Your objective: Your job is to give again, exactly and with no additions, the lines in the records below from the one with "Карта Перукарня Шарм" through the one with "250 Gravatas Pet", both included. Omit the pictures.

Available data:
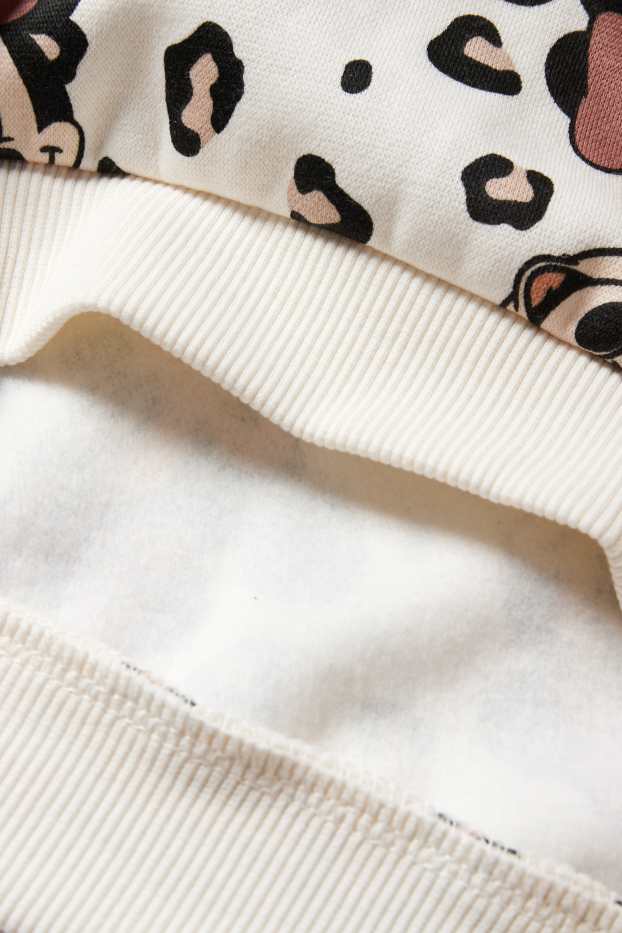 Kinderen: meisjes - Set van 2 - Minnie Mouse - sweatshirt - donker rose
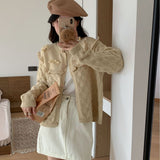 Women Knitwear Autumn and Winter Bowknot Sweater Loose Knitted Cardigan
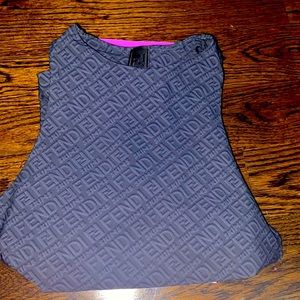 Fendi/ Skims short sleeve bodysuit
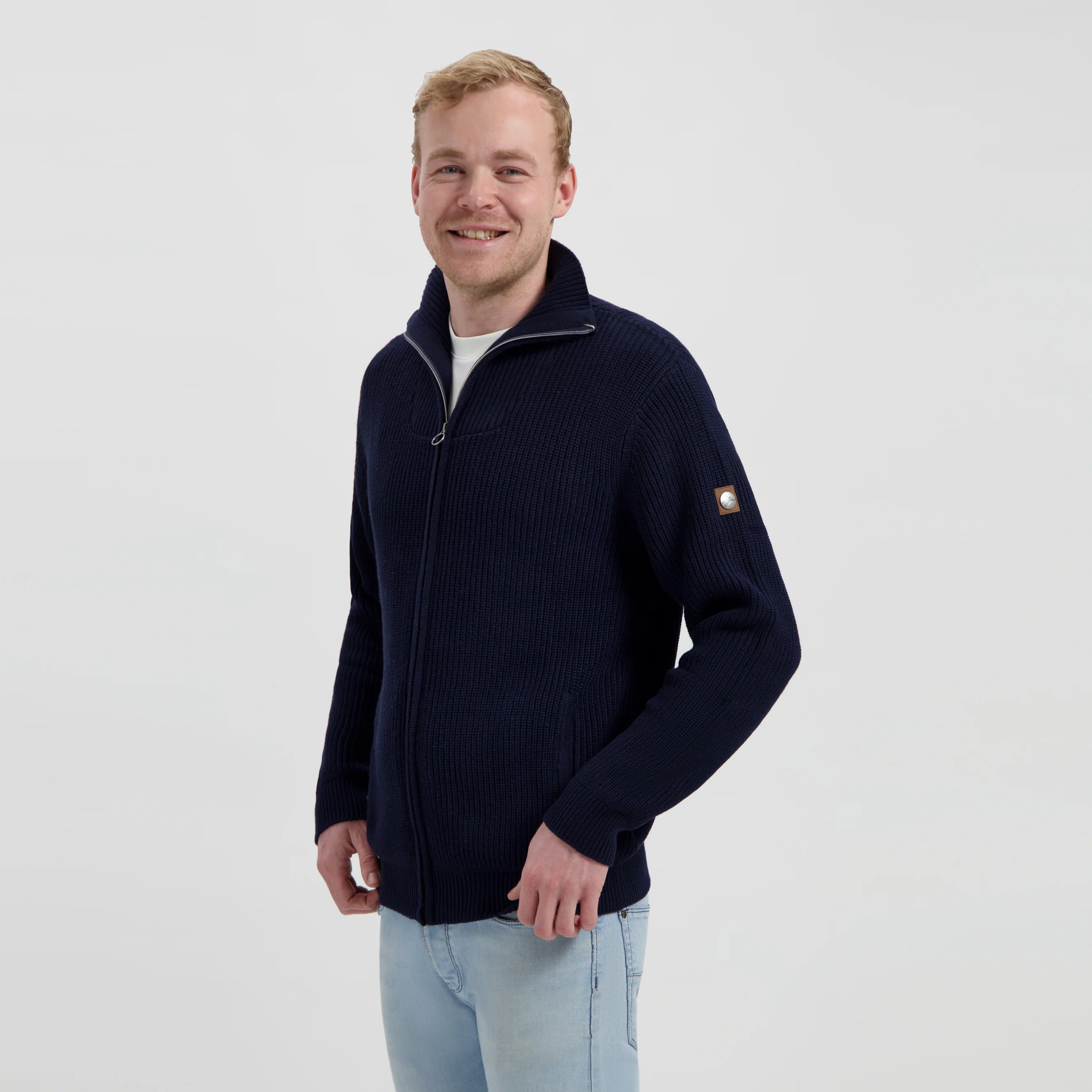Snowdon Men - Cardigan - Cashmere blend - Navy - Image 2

* * *

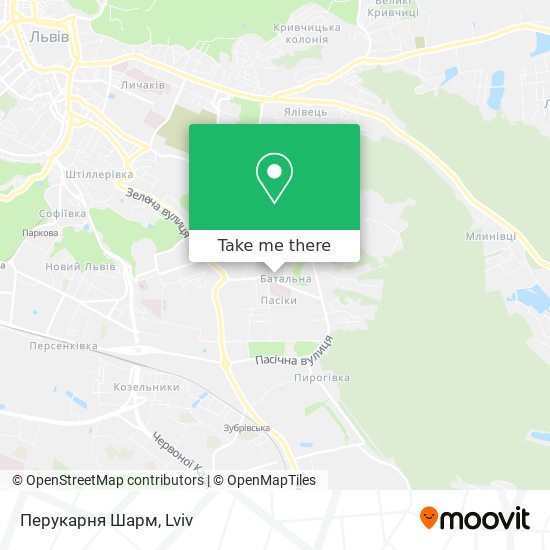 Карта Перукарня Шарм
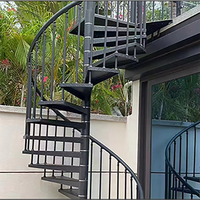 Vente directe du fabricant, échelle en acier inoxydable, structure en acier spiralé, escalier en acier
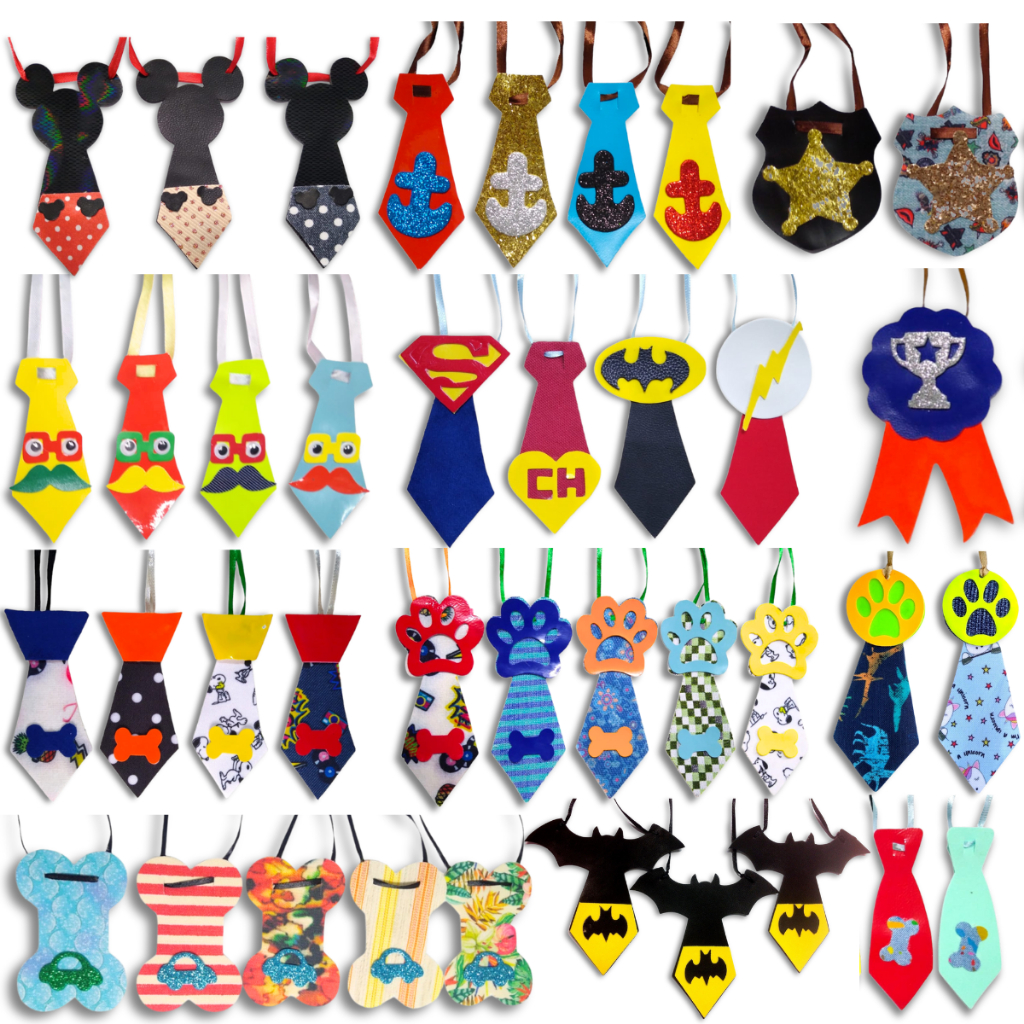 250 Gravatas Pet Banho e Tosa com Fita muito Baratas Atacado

--

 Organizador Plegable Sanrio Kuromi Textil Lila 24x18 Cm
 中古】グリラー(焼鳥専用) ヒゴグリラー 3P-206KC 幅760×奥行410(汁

Your response:
 Карта Перукарня Шарм
 Vente directe du fabricant, échelle en acier inoxydable, structure en acier spiralé, escalier en acier
 250 Gravatas Pet Banho e Tosa com Fita muito Baratas Atacado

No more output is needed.